● What the task requires
Which lines of the data below contain "inning"? Please show them all.

● Scraped caption text data

========

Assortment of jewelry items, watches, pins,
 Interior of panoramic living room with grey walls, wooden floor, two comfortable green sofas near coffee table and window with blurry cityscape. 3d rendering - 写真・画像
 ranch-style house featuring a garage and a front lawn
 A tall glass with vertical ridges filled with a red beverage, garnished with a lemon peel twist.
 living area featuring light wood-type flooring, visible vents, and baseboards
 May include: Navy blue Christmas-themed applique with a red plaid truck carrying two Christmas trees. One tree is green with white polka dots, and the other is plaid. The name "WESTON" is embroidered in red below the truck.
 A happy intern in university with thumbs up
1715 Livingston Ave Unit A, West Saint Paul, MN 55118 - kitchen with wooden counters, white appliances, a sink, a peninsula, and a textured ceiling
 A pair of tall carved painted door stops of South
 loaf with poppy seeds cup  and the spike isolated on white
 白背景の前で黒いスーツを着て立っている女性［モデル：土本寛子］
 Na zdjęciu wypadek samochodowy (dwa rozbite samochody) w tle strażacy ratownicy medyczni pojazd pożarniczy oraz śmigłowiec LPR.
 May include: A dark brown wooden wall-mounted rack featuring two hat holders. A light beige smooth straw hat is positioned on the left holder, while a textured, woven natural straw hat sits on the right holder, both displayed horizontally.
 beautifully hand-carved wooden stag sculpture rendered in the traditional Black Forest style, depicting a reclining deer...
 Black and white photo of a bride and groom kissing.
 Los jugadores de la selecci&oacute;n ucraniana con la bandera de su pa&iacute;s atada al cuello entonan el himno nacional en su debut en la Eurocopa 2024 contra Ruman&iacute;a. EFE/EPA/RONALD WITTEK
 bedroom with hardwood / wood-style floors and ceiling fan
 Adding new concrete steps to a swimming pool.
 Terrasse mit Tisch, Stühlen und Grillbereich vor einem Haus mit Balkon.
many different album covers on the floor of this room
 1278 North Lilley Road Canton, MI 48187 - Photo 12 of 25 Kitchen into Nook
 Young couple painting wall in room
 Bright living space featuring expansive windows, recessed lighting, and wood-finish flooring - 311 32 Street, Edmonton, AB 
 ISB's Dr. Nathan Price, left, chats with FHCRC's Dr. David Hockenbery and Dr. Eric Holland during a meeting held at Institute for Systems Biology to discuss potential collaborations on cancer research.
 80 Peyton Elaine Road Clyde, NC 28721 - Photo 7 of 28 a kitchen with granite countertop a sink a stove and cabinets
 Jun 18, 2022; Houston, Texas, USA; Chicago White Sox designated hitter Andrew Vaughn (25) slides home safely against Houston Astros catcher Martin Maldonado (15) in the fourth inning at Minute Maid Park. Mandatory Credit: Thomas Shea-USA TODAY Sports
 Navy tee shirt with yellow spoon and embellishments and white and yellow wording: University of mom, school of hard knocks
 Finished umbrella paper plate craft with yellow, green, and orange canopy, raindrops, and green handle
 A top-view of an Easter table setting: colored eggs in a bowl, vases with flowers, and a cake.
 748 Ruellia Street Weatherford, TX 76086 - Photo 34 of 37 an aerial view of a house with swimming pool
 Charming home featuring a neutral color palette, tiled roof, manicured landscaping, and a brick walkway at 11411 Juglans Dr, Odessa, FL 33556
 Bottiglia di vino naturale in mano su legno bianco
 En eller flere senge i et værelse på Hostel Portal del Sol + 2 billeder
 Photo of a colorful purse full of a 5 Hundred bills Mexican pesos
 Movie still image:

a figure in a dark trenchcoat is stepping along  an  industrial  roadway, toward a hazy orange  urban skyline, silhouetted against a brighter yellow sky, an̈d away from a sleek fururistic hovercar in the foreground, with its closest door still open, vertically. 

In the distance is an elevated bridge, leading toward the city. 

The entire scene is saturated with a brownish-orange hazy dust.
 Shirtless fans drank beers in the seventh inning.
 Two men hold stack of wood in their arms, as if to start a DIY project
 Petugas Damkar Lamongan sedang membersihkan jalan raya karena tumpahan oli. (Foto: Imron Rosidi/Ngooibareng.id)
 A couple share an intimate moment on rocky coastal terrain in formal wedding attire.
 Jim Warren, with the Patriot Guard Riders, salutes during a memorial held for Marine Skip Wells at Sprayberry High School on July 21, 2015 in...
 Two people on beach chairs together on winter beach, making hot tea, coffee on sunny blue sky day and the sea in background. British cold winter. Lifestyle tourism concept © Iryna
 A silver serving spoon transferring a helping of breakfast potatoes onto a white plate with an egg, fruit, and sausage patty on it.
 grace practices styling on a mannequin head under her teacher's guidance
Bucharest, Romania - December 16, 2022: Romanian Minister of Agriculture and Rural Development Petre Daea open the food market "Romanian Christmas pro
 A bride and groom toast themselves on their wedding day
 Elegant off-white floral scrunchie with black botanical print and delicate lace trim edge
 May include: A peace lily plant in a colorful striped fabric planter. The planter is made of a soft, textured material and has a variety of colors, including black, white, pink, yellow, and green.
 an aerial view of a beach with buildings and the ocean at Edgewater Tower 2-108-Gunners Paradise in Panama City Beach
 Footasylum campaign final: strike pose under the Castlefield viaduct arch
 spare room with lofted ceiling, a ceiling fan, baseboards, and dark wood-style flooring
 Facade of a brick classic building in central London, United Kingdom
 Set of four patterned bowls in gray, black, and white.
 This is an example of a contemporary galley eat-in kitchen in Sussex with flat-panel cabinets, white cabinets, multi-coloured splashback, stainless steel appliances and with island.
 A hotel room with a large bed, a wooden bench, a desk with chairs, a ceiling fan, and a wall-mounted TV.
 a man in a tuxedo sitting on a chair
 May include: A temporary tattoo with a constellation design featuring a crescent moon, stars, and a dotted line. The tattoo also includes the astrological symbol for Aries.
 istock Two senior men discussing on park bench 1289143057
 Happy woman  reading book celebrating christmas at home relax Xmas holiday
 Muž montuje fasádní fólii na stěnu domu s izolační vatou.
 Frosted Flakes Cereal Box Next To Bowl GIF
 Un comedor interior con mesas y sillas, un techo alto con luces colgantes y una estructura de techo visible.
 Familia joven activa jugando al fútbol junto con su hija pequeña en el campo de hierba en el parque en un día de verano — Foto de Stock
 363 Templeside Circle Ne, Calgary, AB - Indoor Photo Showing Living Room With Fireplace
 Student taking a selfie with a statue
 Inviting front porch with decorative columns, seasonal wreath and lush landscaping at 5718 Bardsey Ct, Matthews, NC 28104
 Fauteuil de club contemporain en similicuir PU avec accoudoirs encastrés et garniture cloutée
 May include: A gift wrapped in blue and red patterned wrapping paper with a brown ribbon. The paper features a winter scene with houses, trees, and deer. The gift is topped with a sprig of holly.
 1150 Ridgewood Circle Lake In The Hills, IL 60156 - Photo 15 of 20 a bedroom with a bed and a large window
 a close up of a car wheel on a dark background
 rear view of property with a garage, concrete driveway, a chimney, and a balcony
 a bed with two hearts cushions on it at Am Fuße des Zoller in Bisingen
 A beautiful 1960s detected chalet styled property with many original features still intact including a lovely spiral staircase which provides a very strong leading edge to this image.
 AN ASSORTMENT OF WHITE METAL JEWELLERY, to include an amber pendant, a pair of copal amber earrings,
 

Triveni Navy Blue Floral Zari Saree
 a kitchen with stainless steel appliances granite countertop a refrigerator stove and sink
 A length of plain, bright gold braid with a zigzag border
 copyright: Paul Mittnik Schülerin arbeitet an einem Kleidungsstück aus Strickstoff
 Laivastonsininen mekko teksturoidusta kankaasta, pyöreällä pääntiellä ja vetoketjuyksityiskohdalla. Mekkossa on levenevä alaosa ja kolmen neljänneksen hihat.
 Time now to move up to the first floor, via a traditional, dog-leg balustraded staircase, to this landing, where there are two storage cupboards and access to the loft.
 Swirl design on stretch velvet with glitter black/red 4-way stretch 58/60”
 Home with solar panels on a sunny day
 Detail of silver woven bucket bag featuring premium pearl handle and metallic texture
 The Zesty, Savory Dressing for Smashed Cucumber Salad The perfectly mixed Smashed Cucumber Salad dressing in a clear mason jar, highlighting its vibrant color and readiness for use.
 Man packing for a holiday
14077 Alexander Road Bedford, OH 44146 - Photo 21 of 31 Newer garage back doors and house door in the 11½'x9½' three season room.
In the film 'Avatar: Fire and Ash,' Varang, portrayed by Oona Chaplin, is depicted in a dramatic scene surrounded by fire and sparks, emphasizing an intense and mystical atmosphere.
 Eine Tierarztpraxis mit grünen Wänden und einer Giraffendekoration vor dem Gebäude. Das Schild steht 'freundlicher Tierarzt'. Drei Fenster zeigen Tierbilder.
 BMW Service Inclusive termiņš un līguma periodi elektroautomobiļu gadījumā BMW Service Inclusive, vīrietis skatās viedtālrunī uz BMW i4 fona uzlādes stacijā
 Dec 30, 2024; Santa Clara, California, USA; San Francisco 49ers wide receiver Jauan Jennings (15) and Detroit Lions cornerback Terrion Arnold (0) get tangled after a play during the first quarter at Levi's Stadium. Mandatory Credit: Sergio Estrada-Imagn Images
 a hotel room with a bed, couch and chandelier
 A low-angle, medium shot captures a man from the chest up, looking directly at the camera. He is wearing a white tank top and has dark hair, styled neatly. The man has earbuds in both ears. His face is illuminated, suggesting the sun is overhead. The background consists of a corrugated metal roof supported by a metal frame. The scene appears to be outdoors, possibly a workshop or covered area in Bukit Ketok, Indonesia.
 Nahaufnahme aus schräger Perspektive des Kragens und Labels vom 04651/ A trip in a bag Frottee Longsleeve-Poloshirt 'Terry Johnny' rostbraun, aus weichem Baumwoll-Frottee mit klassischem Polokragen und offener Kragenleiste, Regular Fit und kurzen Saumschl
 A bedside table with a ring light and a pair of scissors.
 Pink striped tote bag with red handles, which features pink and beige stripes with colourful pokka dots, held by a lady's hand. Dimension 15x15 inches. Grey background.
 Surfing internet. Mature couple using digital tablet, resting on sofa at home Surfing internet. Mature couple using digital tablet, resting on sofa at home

========

● Solved exercise
 Jun 18, 2022; Houston, Texas, USA; Chicago White Sox designated hitter Andrew Vaughn (25) slides home safely against Houston Astros catcher Martin Maldonado (15) in the fourth inning at Minute Maid Park. Mandatory Credit: Thomas Shea-USA TODAY Sports
 Shirtless fans drank beers in the seventh inning.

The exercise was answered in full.